== Segment start ==
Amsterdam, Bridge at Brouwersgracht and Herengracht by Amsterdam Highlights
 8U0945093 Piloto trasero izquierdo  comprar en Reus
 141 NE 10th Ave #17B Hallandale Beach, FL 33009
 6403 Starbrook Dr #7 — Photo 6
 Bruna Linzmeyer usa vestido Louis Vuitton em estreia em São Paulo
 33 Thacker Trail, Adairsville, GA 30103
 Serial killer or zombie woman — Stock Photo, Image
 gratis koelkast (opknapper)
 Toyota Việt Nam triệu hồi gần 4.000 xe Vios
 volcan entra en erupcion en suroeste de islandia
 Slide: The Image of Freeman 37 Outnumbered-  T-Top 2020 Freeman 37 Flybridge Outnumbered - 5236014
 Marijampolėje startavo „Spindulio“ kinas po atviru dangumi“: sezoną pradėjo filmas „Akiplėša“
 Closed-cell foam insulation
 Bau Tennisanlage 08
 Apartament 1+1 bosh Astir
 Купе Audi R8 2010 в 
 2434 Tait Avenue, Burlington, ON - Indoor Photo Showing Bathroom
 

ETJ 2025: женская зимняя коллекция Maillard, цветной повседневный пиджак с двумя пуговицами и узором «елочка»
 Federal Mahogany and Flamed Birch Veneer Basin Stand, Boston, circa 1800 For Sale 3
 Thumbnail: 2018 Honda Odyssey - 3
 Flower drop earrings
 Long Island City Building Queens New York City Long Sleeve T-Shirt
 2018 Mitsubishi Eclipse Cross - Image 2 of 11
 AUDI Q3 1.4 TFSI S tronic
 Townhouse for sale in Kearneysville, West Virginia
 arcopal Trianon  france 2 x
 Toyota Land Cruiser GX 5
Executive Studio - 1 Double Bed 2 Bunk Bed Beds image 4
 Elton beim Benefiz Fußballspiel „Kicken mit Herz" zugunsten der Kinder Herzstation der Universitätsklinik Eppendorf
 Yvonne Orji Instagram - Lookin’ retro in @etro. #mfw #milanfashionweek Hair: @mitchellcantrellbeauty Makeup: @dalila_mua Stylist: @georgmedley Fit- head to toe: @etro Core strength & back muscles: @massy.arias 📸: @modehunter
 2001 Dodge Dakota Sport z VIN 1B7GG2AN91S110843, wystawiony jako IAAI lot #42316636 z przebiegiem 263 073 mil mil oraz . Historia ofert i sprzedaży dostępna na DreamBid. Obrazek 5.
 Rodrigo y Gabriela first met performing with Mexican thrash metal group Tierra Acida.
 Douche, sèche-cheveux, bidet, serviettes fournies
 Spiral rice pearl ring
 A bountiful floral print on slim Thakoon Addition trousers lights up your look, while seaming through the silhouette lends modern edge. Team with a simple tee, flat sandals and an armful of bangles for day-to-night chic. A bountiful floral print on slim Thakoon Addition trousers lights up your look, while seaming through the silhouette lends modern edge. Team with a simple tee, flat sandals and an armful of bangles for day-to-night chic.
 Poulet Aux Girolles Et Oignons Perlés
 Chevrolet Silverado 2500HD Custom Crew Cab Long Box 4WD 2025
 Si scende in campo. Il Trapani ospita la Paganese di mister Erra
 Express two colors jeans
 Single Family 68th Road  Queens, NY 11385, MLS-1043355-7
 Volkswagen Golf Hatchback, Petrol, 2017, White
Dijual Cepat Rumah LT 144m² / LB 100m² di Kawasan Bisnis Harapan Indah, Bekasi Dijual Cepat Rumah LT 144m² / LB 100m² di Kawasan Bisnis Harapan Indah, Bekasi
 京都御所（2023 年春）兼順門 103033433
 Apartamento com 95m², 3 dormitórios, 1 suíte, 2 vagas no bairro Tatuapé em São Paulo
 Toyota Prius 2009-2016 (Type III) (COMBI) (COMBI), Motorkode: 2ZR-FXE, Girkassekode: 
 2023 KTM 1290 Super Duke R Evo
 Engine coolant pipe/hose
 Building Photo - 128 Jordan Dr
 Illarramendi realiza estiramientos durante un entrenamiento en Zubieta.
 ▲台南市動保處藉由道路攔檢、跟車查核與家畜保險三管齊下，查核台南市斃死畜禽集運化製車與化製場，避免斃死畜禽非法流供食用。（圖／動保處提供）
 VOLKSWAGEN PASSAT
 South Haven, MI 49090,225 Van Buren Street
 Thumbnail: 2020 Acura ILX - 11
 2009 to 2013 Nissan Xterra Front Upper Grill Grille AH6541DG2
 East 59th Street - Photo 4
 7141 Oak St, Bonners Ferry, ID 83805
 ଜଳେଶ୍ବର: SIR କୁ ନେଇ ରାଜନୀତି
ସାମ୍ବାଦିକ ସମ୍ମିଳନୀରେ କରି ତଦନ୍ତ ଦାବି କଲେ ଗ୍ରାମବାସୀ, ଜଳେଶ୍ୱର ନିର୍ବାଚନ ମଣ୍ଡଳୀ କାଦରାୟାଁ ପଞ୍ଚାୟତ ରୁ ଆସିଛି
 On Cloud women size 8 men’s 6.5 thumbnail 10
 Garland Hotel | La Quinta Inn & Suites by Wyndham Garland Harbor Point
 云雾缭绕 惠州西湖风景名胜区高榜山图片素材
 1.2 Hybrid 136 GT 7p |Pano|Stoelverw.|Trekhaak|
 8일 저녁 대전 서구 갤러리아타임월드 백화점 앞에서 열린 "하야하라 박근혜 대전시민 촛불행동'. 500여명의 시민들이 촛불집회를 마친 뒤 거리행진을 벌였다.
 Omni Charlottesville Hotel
== Segment end ==
[Required work] Everything from the line containing "2001 Dodge Dakota" through the line containing "Spiral rice pearl ring" in the material above should be retyped exactly, both ends included, and nothing more.

[Response]
 2001 Dodge Dakota Sport z VIN 1B7GG2AN91S110843, wystawiony jako IAAI lot #42316636 z przebiegiem 263 073 mil mil oraz . Historia ofert i sprzedaży dostępna na DreamBid. Obrazek 5.
 Rodrigo y Gabriela first met performing with Mexican thrash metal group Tierra Acida.
 Douche, sèche-cheveux, bidet, serviettes fournies
 Spiral rice pearl ring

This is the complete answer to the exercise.